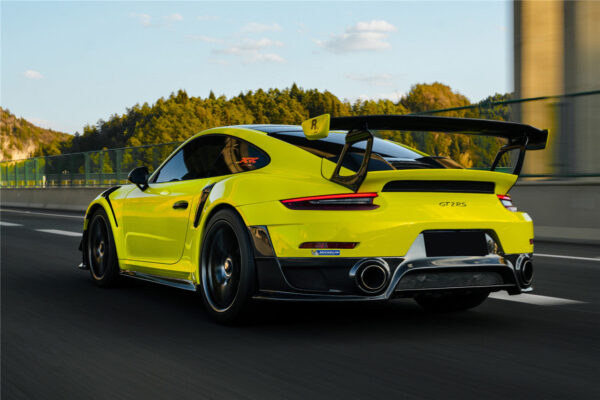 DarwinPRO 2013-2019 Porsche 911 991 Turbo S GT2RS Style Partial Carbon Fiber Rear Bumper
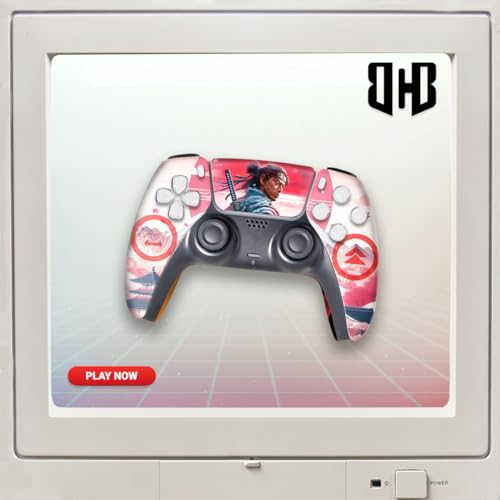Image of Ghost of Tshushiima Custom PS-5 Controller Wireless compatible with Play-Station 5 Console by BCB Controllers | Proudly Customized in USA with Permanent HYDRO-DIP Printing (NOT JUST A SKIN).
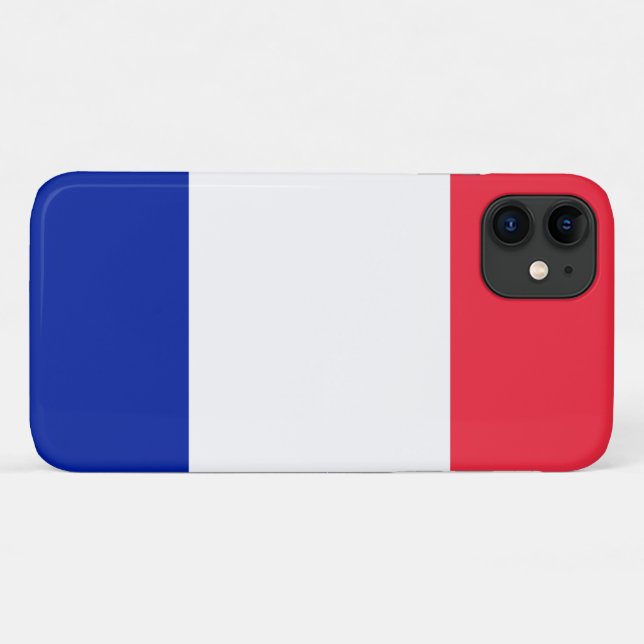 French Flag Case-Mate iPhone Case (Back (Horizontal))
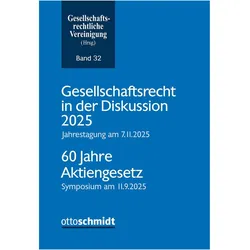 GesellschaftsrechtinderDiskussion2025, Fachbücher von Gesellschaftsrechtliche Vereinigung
____
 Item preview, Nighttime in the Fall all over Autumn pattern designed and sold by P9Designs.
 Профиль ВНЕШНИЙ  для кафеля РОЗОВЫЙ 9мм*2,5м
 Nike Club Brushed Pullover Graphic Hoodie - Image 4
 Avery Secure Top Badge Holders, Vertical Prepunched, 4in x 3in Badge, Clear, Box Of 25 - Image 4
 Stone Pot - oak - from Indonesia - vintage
____
Look back at the data above, then output exactly the lines from the line holding "French Flag Case-Mate" up to and including the line holding "GesellschaftsrechtinderDiskussion2025, Fachbücher von". Leave out the pictures.

 French Flag Case-Mate iPhone Case (Back (Horizontal))
 GesellschaftsrechtinderDiskussion2025, Fachbücher von Gesellschaftsrechtliche Vereinigung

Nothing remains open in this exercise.